Hace unos días ya estaba inquieta por el camino que están tomando los acontecimientos en los últimos meses -o años más bien-, pero he de reconocer que ya no estoy inquieta, ni estoy asustada, no, para nada, ahora tengo miedo, puro, duro y llano miedo.
¿Qué nos espera al final de esta senda? En los últimos días me he hartado a leer en diversos canales eso de que, en todas las crisis, se ha seguido el mismo camino para recuperar la calma. ¿Cuál es ese camino? Muy sencillo, la primera etapa la tenemos clara, pues vivimos en ella desde hace unos años -aunque se haya intensificado su notoriedad en el último año-, y aunque no se sabe con certeza hasta cuando estaremos estancados en esta crisis, la que le sigue -remitiéndonos a la herencia histórica de este planeta- no es mejor.

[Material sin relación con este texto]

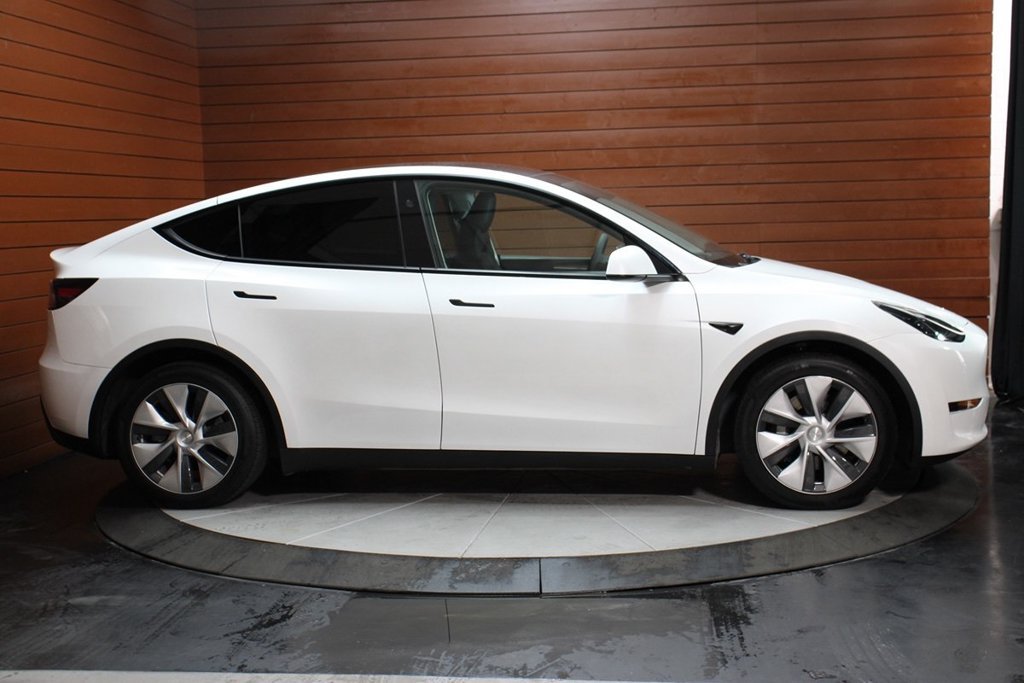 Used 2023 Tesla Model Y Long Range AWD/4WD image 5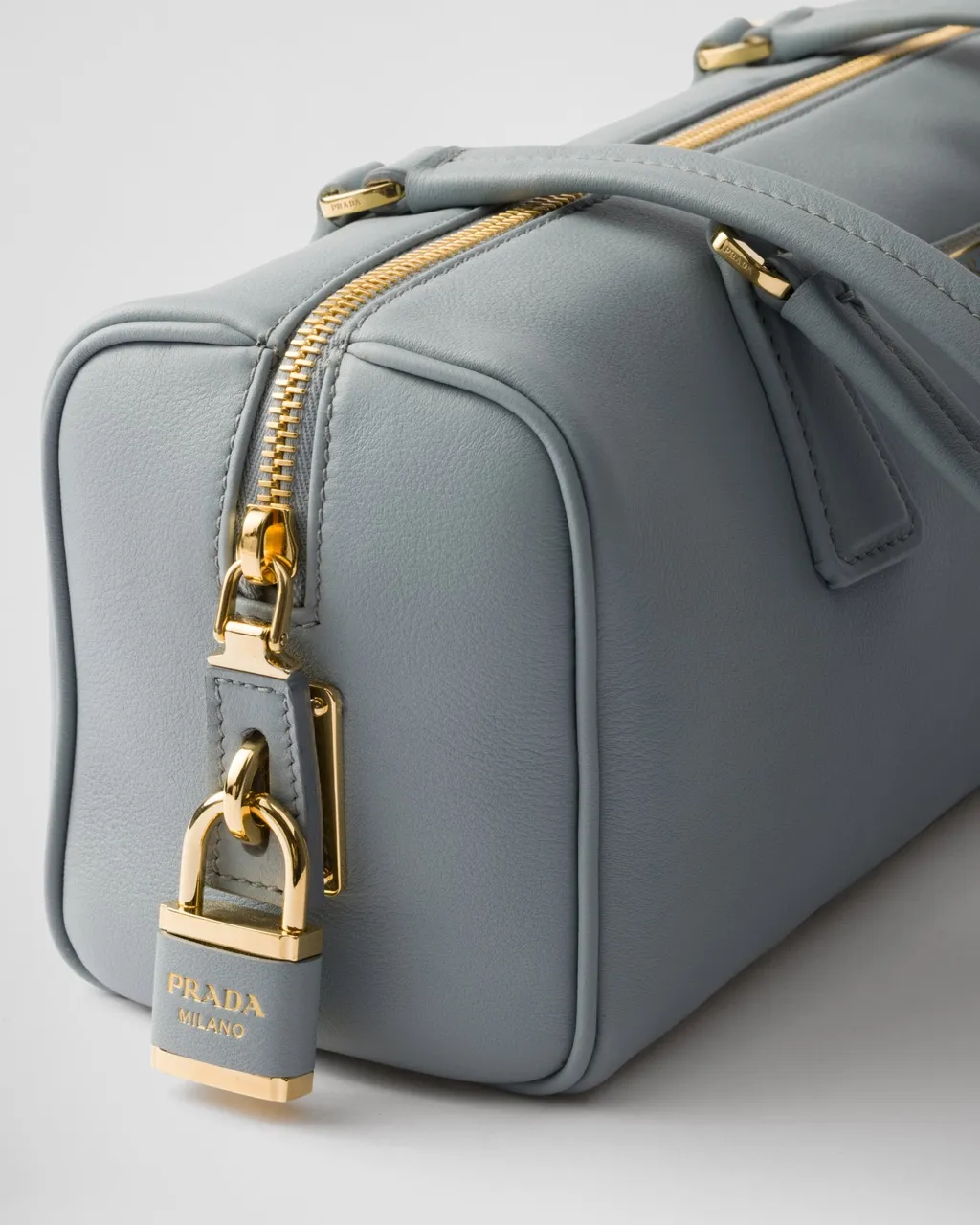 Zipped Medium Tote Bag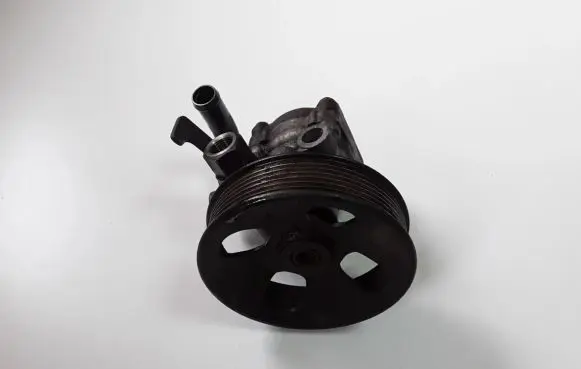 KIA Sorento Power steering pump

La siguiente etapa del camino siempre ha sido una guerra -ya fuera dentro o fuera del propio país-. Con tan sólo escribirlo un escalofrío me recorre la espalda, y es que es algo muy grave el simple hecho de planteárselo como posible
La última etapa del camino es la prosperidad, pero perdonadme si se me antoja muy lejana. Prosperidad, ¿qué es realmente la prosperidad a la que aspiramos tras la revolución? ¿Tener oportunidad de tener un trabajo digno, un techo bajo el que cobijarse y un plato caliente -o frío, no hay que ponerse quisquilloso- que llevarse a la boca al menos 3 veces al día? ¿Poder disfrutar de los derechos -e igualmente de los deberes- por los que lucharon los que nos precedieron? ¿Tener un gobierno democrático en su más literal significado? ¿De qué prosperidad hablamos, de la nuestra, como pueblo, o de la suya, como oligarquía? Me asusta que mi sobrino no tenga un futuro, pero me asusta más aún que no tenga un presente.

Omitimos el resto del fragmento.